De taalontwikkeling van baby’s begint op fonologisch niveau; het vormen van taalklanken.
Daarna komt het morfologisch niveau kijken; het vormen van woorden. Hierbij vindt
ontwikkeling op semantisch niveau plaats; kinderen gaan de betekenis van woorden
begrijpen, waarop automatisch ontwikkeling op pragmatisch niveau plaatsvindt; er kan
steeds makkelijker worden gecommuniceerd met de omgeving.
In het taalverwerkingsproces onderscheiden we de volgende perioden:
- De pre-linguale periode van 0 tot 1 jaar (huilen, brabbelen, vocaliseren, vocaal spel)
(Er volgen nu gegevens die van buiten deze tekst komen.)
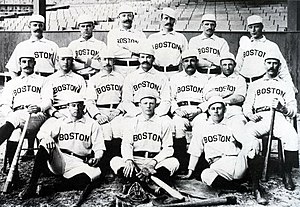 Baseball players are posing for a photograph, six men standing, seven men sitting on chairs, and three are sitting on the ground.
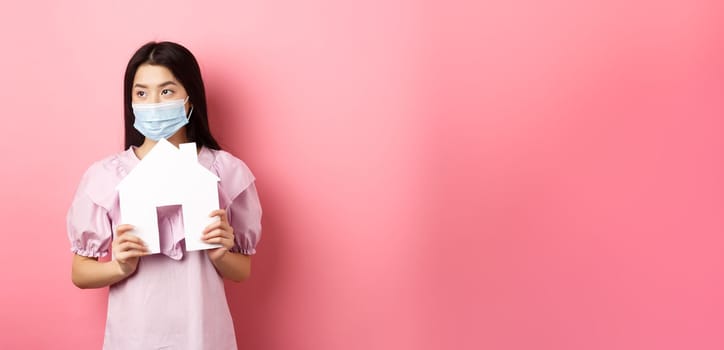 Real estate and pandemic concept. Young asian woman in medical mask dreaming of home, showing paper house cutout and look aside, standing against pink background.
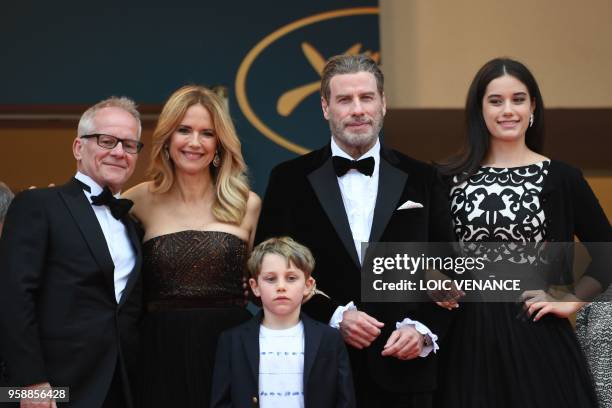 Actor John Travolta , his wife US actress Kelly Preston and children Ella Bleu Travolta and Benjamin Travolta pose with the General Delegate of the...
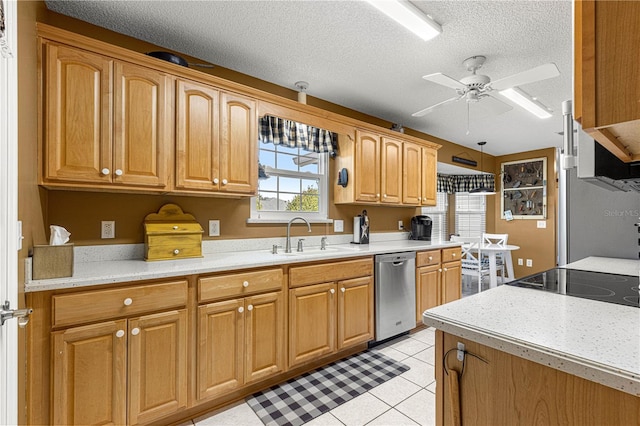 kitchen with dishwasher, sink, light tile patterned floors, ceiling fan, and a textured ceiling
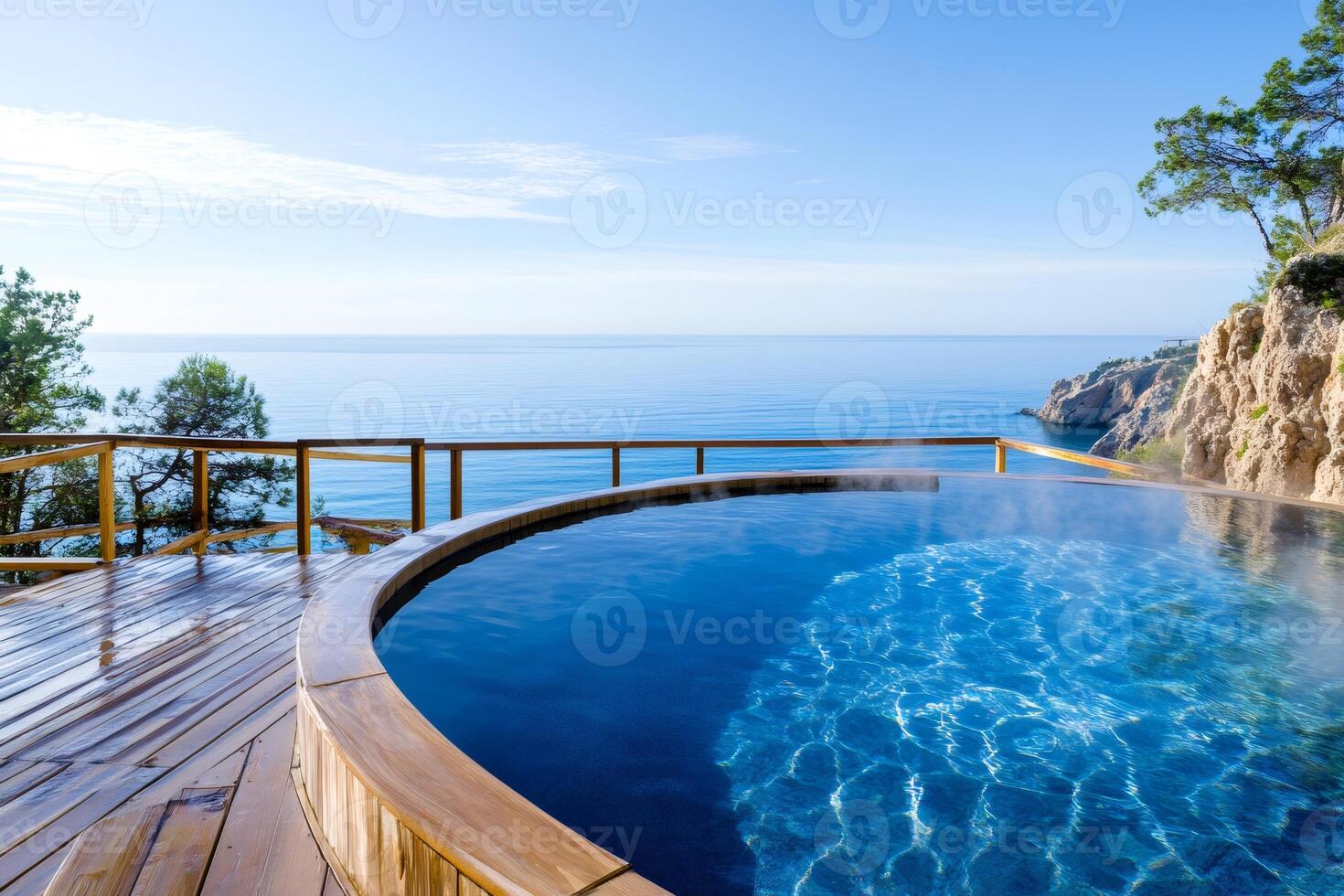 Steaming infinity pool overlooking the mediterranean sea from a luxury resort photo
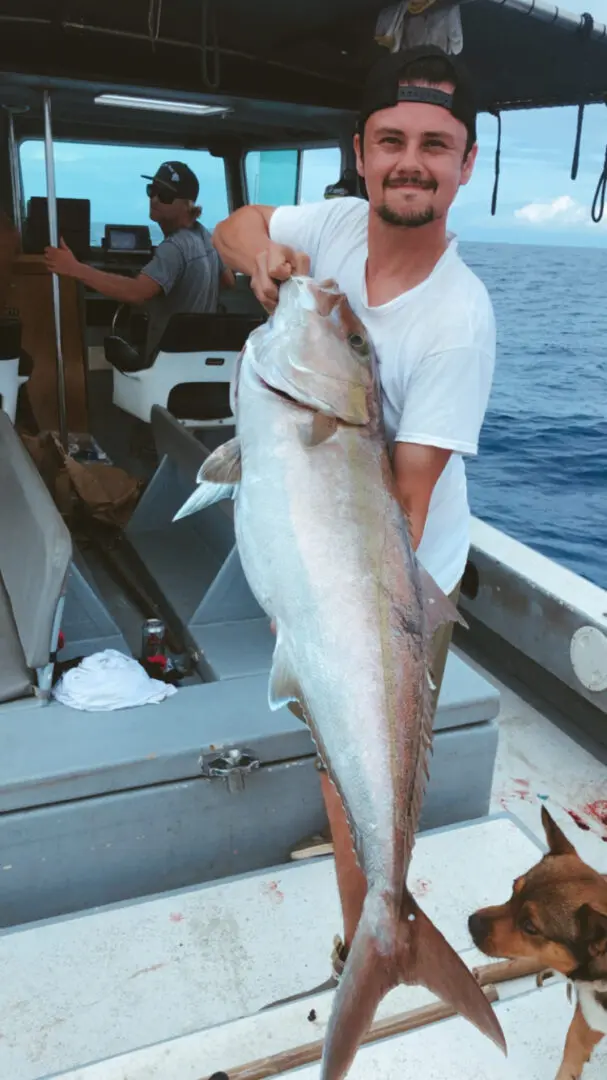 A man holding a large fish on top of a boat.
- De linguale periode (blz.49- 54):
- Vroeg-linguale fase 1 tot 2,5 jaar van brabbelen naar betekenisvol taalgebruik,
waarbij de woorden nog niet altijd correct worden uitgesproken (poes is bijv. poe). Er
worden losse woorden gebruikt voor dingen die het kind ziet (eenwoordzin).
- differentiatiefase van 2,5 tot 5 jaar
- voltooiingsfase van 5 tot 9 jaar)
Het leren van een tweede taal is een ander proces dan het verwerven van de moedertaal.
Als er twee talen min of meer tegelijkertijd geleerd worden, spreken we van simultane
tweetaligheid. Hier spreken van tot kinderen tot ongeveer 3 jaar oud. Als de tweede taal
geleerd wordt nadat de eerste al geleerd is, spreken we van successieve tweetaligheid. Hier
wordt het leren van de tweede taal ondersteund door de kennis van de eerste taal. Hierdoor
kunnen er interferentiefouten optreden.